(GIVEN DATA)
______________________________

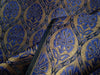 SILK BROCADE FABRIC BLACK,Blue & Metallic GOLD color 44" wide BRO281[2]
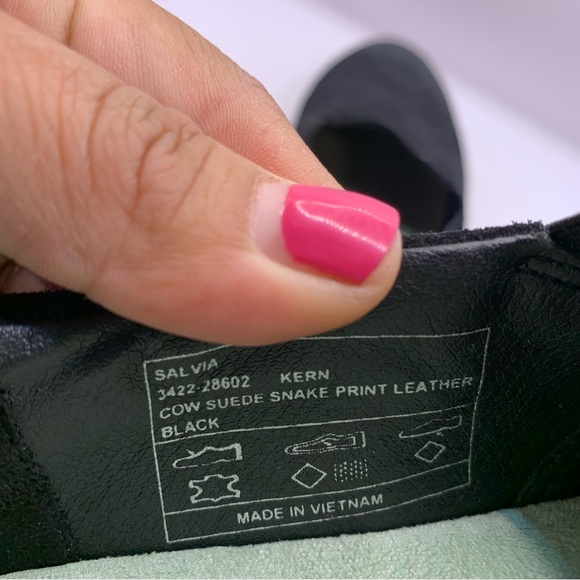 SALVIA black fabric platform loafers KERN COW SUEDE snake print size EU 40 US 9 - Picture 9 of 11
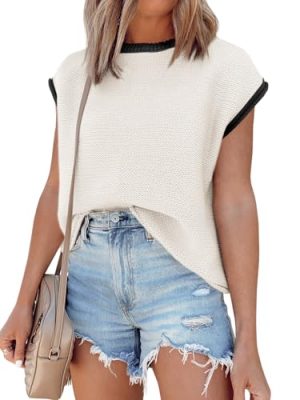 Womens Summer Cap Sleeve Knit Tops Casual Sleeveless Sweater Vest Crew Neck Color Block 2025 Trendy Tank Top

______________________________

(EXERCISE) In the copy, keep every line of the data above exactly and drop each picture.

(WORKED SOLUTION)
 SILK BROCADE FABRIC BLACK,Blue & Metallic GOLD color 44" wide BRO281[2]
 SALVIA black fabric platform loafers KERN COW SUEDE snake print size EU 40 US 9 - Picture 9 of 11
 Womens Summer Cap Sleeve Knit Tops Casual Sleeveless Sweater Vest Crew Neck Color Block 2025 Trendy Tank Top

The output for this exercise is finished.